The company explained that in normal circumstances when a utility power fails, the electrical load is maintained by multiple layers of power redundancy; however, during the weekend, the instances that lost power lost access to both their primary and secondary power, which resulted in an "unusually long voltage sag".
"This failure resulted in a total loss of utility power to multiple AWS facilities. In one of the facilities, our power redundancy didn't work as designed, and we lost power to a significant number of instances in that Availability Zone," the company said.
Domino's Pizza, Foxtel Play, Foxtel Go, and Stan were among some of the AWS customers that were impacted by disruption.

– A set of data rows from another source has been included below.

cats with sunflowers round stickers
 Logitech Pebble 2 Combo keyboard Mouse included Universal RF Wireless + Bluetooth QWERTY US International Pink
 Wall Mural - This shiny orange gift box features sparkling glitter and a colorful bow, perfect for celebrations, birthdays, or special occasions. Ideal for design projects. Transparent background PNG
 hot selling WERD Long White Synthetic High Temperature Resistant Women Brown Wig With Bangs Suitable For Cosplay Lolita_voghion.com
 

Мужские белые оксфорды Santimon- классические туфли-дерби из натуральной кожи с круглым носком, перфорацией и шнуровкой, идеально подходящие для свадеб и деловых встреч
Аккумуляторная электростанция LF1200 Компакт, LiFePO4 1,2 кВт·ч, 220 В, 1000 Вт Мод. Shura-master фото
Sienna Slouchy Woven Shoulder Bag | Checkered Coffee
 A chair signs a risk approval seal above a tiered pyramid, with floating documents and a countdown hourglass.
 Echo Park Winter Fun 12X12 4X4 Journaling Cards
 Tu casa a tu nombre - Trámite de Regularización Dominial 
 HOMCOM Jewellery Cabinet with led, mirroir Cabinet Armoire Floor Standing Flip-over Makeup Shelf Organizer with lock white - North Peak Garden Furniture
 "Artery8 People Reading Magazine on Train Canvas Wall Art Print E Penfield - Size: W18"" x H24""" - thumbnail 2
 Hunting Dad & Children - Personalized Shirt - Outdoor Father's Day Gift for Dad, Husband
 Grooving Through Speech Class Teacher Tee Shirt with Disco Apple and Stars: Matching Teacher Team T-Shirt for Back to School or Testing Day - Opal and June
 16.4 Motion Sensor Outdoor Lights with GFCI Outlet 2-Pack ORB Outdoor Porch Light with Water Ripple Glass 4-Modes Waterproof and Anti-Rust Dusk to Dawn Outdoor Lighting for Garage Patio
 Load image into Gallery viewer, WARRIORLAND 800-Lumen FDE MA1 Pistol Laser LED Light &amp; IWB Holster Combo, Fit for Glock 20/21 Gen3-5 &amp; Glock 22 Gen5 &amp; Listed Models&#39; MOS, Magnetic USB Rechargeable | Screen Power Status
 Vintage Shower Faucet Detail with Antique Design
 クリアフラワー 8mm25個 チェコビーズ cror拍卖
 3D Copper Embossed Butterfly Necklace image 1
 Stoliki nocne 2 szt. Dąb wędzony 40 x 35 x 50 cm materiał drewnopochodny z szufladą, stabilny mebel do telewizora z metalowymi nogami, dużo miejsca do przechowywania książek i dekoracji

Within an hour of the power loss, AWS reported it restored power to the facility, noting it was able to recover a majority of the affected instances, all but a small number of instances and volumes that were taking longer to recover.
The company has explained that the small number of instances and volumes that were impacted suffered failed hard drives that led to a loss of the data stored on those servers, which meant it was unable to automatically restore the volume and had to manually recover the damaged storage servers.
"This is a slow process, which is why some volumes took much longer to return to service," the company said.
AWS has acknowledged that following this event it will need to enhance its design to prevent similar outages, and plans to roll out changes to the Sydney region in July.
These changes will include adding additional breakers to allow generators to activate faster; improving the latency issue related to its recovery systems; and beginning regularly testing its recovery processes on unoccupied, long-running hosts. In addition, the company has committed to assuring that its APIs will be more resilient to failures.